Posted on February 13, 2013 at 6:00 pm

B
Lowest Recommended Age: High School
MPAA Rating: Rated PG-13 for violence, scary images, and some sexual material
Profanity: Some strong language, crude insult
Alcohol/ Drugs: Drinking
Violence/ Scariness: Supernatural images, violence, peril, characters injured and killed, references to loss of parents
Diversity Issues: Diverse characters
Date Released to Theaters: February 14, 2013
Date Released to DVD: May 20, 2013
Amazon.com ASIN: B009AMAGXK

In a small Southern town that feels far from everything, where everyone is “too stupid to leave or too stuck to move,” a teenage boy named Ethan (Alden Ehrenreich) dreams every night of a girl he has never seen.  Ethan has recently lost his mother.  His father is never there.  He is about to start his junior year in high school “so insanity’s inevitable.”  But his mother’s best friend Amma (Viola Davis), the local librarian, looks out for him.  There are books that he loves.  And the dream feels very real and somehow comforting.

Suddenly it is real as Lena Duchannes (Alice Englart) comes to town to live with her uncle, Macon Ravenswood (Jeremy Irons) in a creepy old mansion. Ethan feels an immediate connection, but Lena seems reluctant to talk to him or to make any friends in her new school.  Some of the other kids in the class feel the same way.  There are rumors that the Ravenswoods have strange powers.

The rumors are true.  “You know how some families are musical and some have money.  We have powers,” Lena explains.  She is a witch or, to use the term her people prefer, she is a “caster.”  She is 15 and on her 16th birthday she will be chosen for the light side or the dark.

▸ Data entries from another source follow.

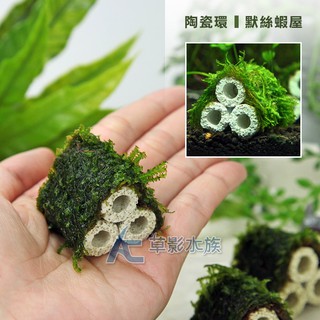 陶瓷環蝦屋 優惠推薦 23年1月 蝦皮購物台灣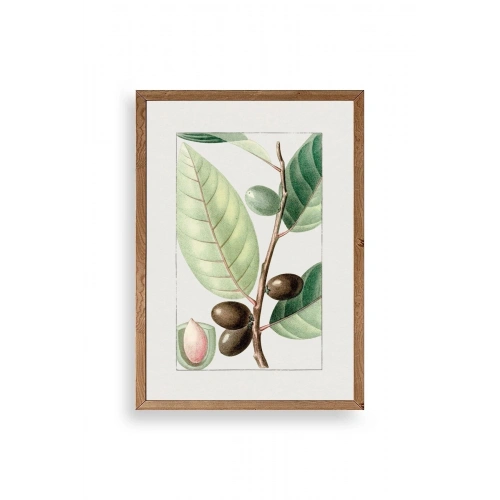 Zeytin Dalı Ahşap Çerçeveli Tablo 23 x 30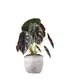 Alocasia Red Secret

No one wants Ethan and Lena to be together.  But the love they share is stronger than any caster powers from the dark or the light.

The storyline is fairly basic but touches of self-aware humor help to hold our interest.  And it is fun to watch Irons swan around in ascots and smoking jackets, striding past the swooping banister-less staircase in his mansion.  Thompson and Emmy Rossum clearly relish the chance to chew scenery with Spanish moss hanging all over it. They revel in the Southern gothic setting, tossing off Dixie-isms like “Slap my ass and call me Sally!” and “She looks like death eating a cracker.”  Viola Davis does what she can stuck with an exposition role that includes a completely random Nancy Reagan reference.  It is also buoyed by the lushy imaginative settings from production designer Richard Sherman and goth-glam costumes from Jeffrey Kurland and an entertaining assortment of literary and popular culture references, from Slaughterhouse Five and poet Charles Bukowski to the “Final Destination” series, Bob Dylan, To Kill a Mockingbird, and Jane Austen.  Most important, writer/director Richard LaGravenes creates a world where strange things seem both wonderful and normal.  The various transformations, expanding powers, and sense of alienation seem like a tangible reflection (and only mild exaggeration) of the experience of adolescence.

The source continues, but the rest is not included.